Agreeable Gray vs Perennial Green
Both are Sherwin-Williams colors. Hue-wise, Agreeable Gray belongs to the greige-grey family and Perennial Green to the green family. At LRV NaN vs 60, Perennial Green will read as the brighter of the two — a NaN-point gap that matters most in north-facing or low-light rooms. The tonal difference — Agreeable Gray's warm character against Perennial Green's cool — becomes most visible against white trim or in morning light. At ΔE NaN, these are genuinely distinct colors — a strong contrast if used together, or a meaningful choice between two different directions. Below you'll find 2 real-room photo comparisons where both colors appear side by side, plus 5 simulated room previews.

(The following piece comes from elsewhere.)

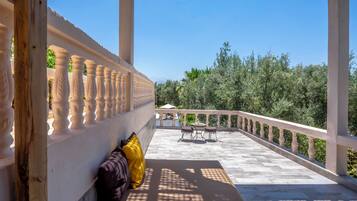 Ein Balkon mit weißer Brüstung, einer Bank mit Kissen und einem Tisch mit Stühlen.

Agreeable Gray vs Perennial Green in Real Spaces
2 real rooms side by side. Seeing Agreeable Gray and Perennial Green in actual rooms makes the difference concrete; browse the spaces below to get a feel for how each color lives on a wall.
Living Room
Living rooms test a color across a full range of conditions — morning sun, afternoon shade, and evening lamp light all shift how both of these read. Perennial Green reads more restrained here, while Agreeable Gray adds a sense of enclosure and warmth.
Kitchen Cabinets
On cabinetry, undertone and temperature become more pronounced against countertops and hardware. The temperature contrast between Agreeable Gray and Perennial Green is what sets these apart most in this context.
Color Details
Agreeable Gray vs Perennial Green Simulated Comparison
5 simulated room previews — drag the slider on each to see Agreeable Gray on one side and Perennial Green on the other.
Digital color is approximate. These simulations are generated from the manufacturer's hex values and overlaid on grayscale room photos — your screen's calibration, brightness, and viewing angle all affect how they render. Before committing to either color, test physical samples in your own space under the light you actually live with.
More Agreeable Gray comparisons
See how Agreeable Gray stacks up against other well-photographed colors across different brands and tones.